Lulu has a complicated relationship with TV as well -- she also sees its potential, loves it, but understands, as one character puts it, "We're selling detergent." Lulu tries not to make the same mistakes her mother made, but we question whether those character traits are mistakes at all. Lulu is brave, and she sees TV as greatly democratic, treating the rich the same as the poor, available to all. Lulu also has some of the sharpest dialogue in the play; the 1950s stuff has a very rat-a-tat screwball feel to it.

The play isn't perfect. There are some moments that feel off here and there, particularly in the third act. Lulu's story felt like it needed more resolution and her chemistry with the writer wasn't quite right. I wished that her story had mirrored her mother's more closely in the end. But their connection to each other, despite failure and difference, ultimately transcends those imperfections.
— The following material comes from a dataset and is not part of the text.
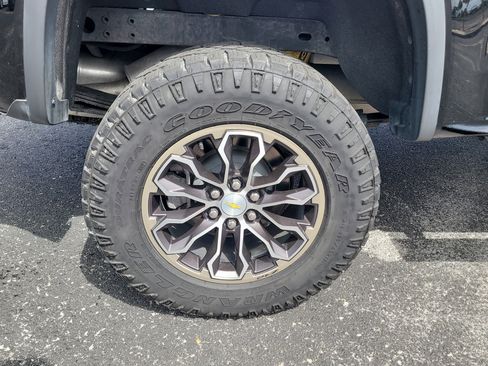 Used 2022 Chevrolet Colorado ZR2 image 9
Really, it's a love story about two women and their relationships with television. Which is a refreshing change from the usual love story, especially from the time periods in which this play is set. Ultimately, THE RUBY SUNRISE left me with a dual sense of sadness and gratitude at how deeply flawed we are as human beings, and how that's reflected in the world around us and in our obsessions.

A sidenote: almost all the Humana plays have some sort of tangental, at least, element that in any other form would be labeled "magical realism." Yes, genre elements. And yet, this isn't mentioned in reviews or in promotional materials. No one bats an eyelash. Very interesting.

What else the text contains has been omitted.